(Beginning of Exercise data)

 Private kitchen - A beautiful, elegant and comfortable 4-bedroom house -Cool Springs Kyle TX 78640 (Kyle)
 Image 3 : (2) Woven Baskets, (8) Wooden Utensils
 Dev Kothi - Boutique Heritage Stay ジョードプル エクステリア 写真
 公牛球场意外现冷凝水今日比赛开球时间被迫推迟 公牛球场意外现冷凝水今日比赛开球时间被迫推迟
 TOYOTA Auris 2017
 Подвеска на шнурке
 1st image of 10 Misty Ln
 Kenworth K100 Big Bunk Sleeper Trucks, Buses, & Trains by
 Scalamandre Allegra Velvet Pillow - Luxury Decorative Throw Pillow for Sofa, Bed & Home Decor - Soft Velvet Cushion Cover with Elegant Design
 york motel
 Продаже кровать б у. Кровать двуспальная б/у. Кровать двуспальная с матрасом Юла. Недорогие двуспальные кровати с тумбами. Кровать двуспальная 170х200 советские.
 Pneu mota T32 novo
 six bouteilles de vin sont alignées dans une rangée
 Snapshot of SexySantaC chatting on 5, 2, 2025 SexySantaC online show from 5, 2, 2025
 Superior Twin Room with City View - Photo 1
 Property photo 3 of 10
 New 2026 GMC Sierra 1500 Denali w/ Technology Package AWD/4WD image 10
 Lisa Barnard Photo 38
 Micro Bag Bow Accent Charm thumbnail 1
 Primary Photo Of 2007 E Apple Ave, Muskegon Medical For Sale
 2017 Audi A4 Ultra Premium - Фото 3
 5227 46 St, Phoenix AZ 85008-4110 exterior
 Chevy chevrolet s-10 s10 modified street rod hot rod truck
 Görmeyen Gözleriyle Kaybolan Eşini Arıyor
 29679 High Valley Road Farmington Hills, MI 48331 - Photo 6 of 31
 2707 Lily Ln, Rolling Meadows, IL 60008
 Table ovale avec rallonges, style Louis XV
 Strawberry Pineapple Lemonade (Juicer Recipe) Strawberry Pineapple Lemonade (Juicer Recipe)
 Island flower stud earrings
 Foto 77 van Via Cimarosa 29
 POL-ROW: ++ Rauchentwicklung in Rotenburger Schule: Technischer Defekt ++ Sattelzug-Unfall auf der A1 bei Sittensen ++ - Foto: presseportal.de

(End of Exercise data)

● Your assignment
Each line from the one that includes "Chevy chevrolet s-10" down to the close of the records above is to be given again exactly, and no other line is to appear.

● Result
 Chevy chevrolet s-10 s10 modified street rod hot rod truck
 Görmeyen Gözleriyle Kaybolan Eşini Arıyor
 29679 High Valley Road Farmington Hills, MI 48331 - Photo 6 of 31
 2707 Lily Ln, Rolling Meadows, IL 60008
 Table ovale avec rallonges, style Louis XV
 Strawberry Pineapple Lemonade (Juicer Recipe) Strawberry Pineapple Lemonade (Juicer Recipe)
 Island flower stud earrings
 Foto 77 van Via Cimarosa 29
 POL-ROW: ++ Rauchentwicklung in Rotenburger Schule: Technischer Defekt ++ Sattelzug-Unfall auf der A1 bei Sittensen ++ - Foto: presseportal.de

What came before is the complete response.